The Mean Value Theorem for Differentiable Functions

# The Mean Value Theorem for Differentiable Functions

Recall from the Rolle's Theorem for Differentiable Functions page that if $f : [a, b] \to \mathbb{R}$ is continuous on $[a, b]$, differentiable on $(a, b)$, and $f(a) = f(b)$ then there exists a point $c \in (a, b)$ for which $f'(c) = 0$. We now state a more general version of Rolle's theorem known as the Mean-Value theorem.
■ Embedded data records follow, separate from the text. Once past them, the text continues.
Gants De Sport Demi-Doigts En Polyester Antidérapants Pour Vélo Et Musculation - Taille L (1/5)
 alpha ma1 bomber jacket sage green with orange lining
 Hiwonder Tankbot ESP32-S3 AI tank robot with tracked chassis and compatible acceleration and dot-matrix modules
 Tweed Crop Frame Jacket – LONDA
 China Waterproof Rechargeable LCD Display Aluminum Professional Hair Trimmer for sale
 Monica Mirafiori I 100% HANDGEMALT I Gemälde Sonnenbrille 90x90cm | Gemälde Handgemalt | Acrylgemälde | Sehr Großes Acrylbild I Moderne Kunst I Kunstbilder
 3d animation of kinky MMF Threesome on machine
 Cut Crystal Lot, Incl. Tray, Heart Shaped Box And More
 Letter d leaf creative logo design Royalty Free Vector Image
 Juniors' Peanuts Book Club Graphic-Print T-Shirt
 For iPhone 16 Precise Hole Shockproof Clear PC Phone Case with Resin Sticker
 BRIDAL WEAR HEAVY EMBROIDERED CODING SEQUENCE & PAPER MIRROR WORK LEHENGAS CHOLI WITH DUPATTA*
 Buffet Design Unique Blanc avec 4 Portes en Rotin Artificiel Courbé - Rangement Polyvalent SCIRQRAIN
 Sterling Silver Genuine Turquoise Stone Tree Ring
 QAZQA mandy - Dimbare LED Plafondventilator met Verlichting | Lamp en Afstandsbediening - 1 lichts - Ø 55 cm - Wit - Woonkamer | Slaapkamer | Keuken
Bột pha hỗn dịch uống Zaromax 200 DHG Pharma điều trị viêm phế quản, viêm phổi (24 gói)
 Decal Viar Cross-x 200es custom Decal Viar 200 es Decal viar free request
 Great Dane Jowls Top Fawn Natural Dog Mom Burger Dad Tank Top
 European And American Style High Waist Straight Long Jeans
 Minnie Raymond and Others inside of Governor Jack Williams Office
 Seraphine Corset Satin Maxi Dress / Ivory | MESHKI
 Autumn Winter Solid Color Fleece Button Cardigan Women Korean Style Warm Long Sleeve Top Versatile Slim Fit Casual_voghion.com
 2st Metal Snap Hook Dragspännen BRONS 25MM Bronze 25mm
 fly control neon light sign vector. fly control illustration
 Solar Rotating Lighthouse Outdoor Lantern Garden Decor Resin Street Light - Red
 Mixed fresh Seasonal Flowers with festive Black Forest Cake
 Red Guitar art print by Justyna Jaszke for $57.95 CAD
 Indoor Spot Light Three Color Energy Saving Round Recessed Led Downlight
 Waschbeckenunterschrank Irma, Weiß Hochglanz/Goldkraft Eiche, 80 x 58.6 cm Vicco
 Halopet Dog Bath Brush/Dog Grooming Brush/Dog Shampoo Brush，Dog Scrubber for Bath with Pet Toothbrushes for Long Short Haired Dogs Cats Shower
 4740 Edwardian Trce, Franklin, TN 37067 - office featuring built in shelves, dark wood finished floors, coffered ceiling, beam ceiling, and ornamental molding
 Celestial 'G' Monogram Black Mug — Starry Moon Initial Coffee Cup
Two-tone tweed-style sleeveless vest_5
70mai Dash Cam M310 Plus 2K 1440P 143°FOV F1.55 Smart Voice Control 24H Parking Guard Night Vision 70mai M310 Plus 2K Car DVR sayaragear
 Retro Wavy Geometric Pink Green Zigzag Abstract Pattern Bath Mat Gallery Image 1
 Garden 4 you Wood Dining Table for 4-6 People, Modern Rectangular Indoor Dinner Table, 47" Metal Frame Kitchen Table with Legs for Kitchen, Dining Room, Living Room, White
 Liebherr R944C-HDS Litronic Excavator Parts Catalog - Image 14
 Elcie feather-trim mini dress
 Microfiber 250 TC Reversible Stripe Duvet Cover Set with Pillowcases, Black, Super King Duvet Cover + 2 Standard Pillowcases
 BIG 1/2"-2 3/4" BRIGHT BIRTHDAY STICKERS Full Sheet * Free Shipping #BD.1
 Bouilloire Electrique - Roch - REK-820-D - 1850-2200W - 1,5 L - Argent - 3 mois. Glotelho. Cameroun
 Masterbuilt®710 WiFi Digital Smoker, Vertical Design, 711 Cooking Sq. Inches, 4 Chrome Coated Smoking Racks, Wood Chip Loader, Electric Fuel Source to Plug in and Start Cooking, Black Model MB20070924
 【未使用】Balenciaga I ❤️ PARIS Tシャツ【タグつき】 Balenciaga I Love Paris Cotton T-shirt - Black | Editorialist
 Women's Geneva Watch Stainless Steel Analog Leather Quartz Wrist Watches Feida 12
Theorem 1 (The Mean-Value Theorem): Let $f : [a, b] \to \mathbb{R}$. If $f$ is continuous on $[a, b]$ and differentiable on $(a, b)$ then there exists a point $c \in (a, b)$ such that $\displaystyle{f'(c) = \frac{f(b) - f(a)}{b - a}}$. |

**Proof:**Define a function $\varphi$ on $[a, b]$ by:

\begin{align} \quad \varphi(x) = f(x) - f(a) - \frac{f(b) - f(a)}{b - a} (x - a) \end{align}

- Observe that $\varphi$ is continuous on $[a, b]$, differentiable on $(a, b)$ and that $\varphi(b) = 0 = \varphi(a)$. By Rolle's theorem there exists a point $c \in (a, b)$ such that $\varphi'(c) = 0$. The derivative of $\varphi$ is:

\begin{align} \quad \varphi'(x) = f'(x) - \frac{f(b) - f(a)}{b - a} \end{align}

- Plugging in $x = c$ gives us:

\begin{align} \quad 0 = f'(c) - \frac{f(b) - f(a)}{b - a} \end{align}

- And so there exists a point $c \in (a, b)$ for which $\displaystyle{f'(c) = \frac{f(b) - f(a)}{b - a}}$. $\blacksquare$